My wife had jokingly suggested that there might even be sewing machines in the shop - but there weren’t.

In the last, furthest corner of the shop, though, I did find something sewing machine related.

Specifically, Adler sewing machine related.

There was a cast iron Adler sewing machine table frame hiding under and behind some random junk.

Adler sewing machine table frame
Adler sewing machine table frame front
Adler sewing machine table frame side

As Germans tend to do, the table top and sewing machine have been removed so that the frame could be used as a decorative table.

Despite the rust, the treadle and the pulley turn easily.

It looks rather older than my Adler class 8 sewing machine.

This thread in a German sewing machine enthusiast forum shows what an Adler class 8 of the same vintage as mine would look like in its table.

The thread starts with a look at an Adler 8 from the mid 1920s - my Adler 8 was made in 1926.

The table looks more like a desk, with a folding top as a cover when the machine is lowered into the table. It looks like a really nice piece of furniture.

Further down the page is an older, cast iron Adler table. There’s a hand written number (76549) on the bottom which the folks there assume is the serial number of the original sewing machine. That would place its date of manufacture sometime in 1912.

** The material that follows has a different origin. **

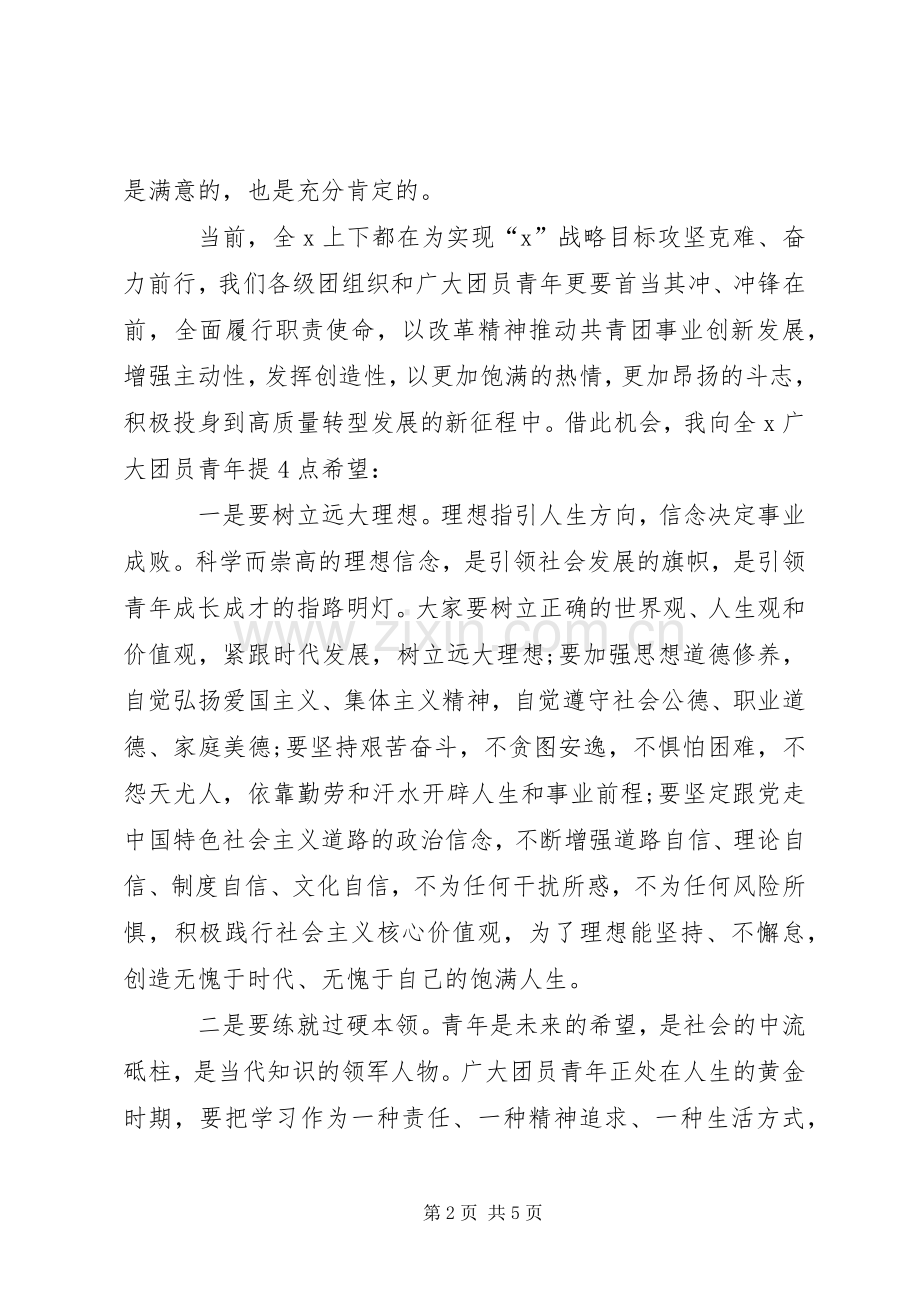 纪念“五四”运动100周年表彰大会讲话.docx_第2页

That cast iron table looks like the one I found in the antique shop.

I’ve never had a chance to look at a cast iron sewing machine table up close.

I find the construction rather odd. It looks to me like someone designed a cast iron table, then added parts on to carry the treadle and the band wheel (the big pulley for the drive belt.)

The older table has a smaller drive wheel than the one from the 1920s. I expect the newer one to be able to sew faster. That big drive wheel makes a lot of difference to the gear ratio - I expect it takes that bigger wheel to hit the 1200 stiches per minute that Adler advertised for the class 8.

If I’d have been alone, I might have been tempted enough to buy the darned thing. My wife was there, though, and reminded me that we don’t have room for it. The later experience with the gyroscope makes me think the seller would have asked more than I wanted to pay for it, any way.

I’d have never thought that there’d be a piece of an old Adler in that shop. We’re relatively close to Kaiserslautern, where the old Pfaff factory was. If anything, I’d expect to find Pfaff sewing machine stuff in an antique shop. The Adler table was a complete surprise.

Since my Adler is going to stay table-less on its wooden box, it looks like I’m going to have to get cracking on that new motor controller I’ve been experimenting with.